Published online Nov 1, 2004. doi: 10.3748/wjg.v10.i21.3161
Revised: October 20, 2003
Accepted: October 27, 2003
Published online: November 1, 2004
AIM: To study the protective effects of tumor necrosis factor α (TNF α ) antibody and ulinastatin on liver ischemic reperfusion in rats.
METHODS: One hundred and twenty male SD rats were randomly divided into four groups: Normal control group, ischemic group, TNFα antibody group and TNFα antibody + ulinastatin group. The animals were killed at 0, 3, 6, 9, 12 h after ischemia for 60 min and followed by reperfusion. Serum alanine aminotransferase (ALT), malondialdehyde (MDA) and liver histopathology were observed.
RESULTS: After ischemic reperfusion, the serum ALT and MDA were remarkably increased, and the hepatic congestion was obvious. Treatment of TNFα antibody and ulinastatin could significantly decrease serum ALT and MDA levels, and relieve hepatic congestion.
CONCLUSION: Ulinastatin and TNFα antibody can suppress the inflammatory reaction induced by hepatic ischemic reperfusion, and have protective effects on rat hepatic ischemic reperfusion injury.

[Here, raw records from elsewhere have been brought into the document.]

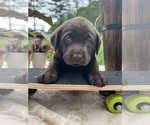 Small #6 Labrador Retriever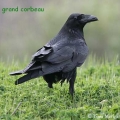 grand corbeau
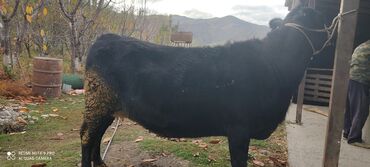 собака доберман сколько стоит: Сатам | Бука (эркек) | Бордоп семиртүү үчүн | Байланган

- Citation: Yang YL, Li JP, Xu XP, Dou KF, Yue SQ, Li KZ. Protective effects of tumor necrosis factor α antibody and ulinastatin on liver ischemic reperfusion in rats. World J Gastroenterol 2004; 10(21): 3161-3164
- URL: https://www.wjgnet.com/1007-9327/full/v10/i21/3161.htm
- DOI: https://dx.doi.org/10.3748/wjg.v10.i21.3161
Liver ischemic reperfusion injury is induced when liver gets the retrieval of its blood perfusion or oxygen supply, and hepatic injury would aggravate due to ischemia and hypoxia injury[1-4]. Hepatic insufficiency or primary liver graft non-function can be caused by liver ischemic reperfusion injury after portal blockage, hemorrhagic shock or liver transplantation. As liver ischemic reperfusion is hard to be avoided in hepatic surgical practice and the existing prevention and cure methods are not satisfactory, research of the mechanisms and therapy on liver ischemic reperfusion becomes one of the hotspots in hepatic surgery[5,6].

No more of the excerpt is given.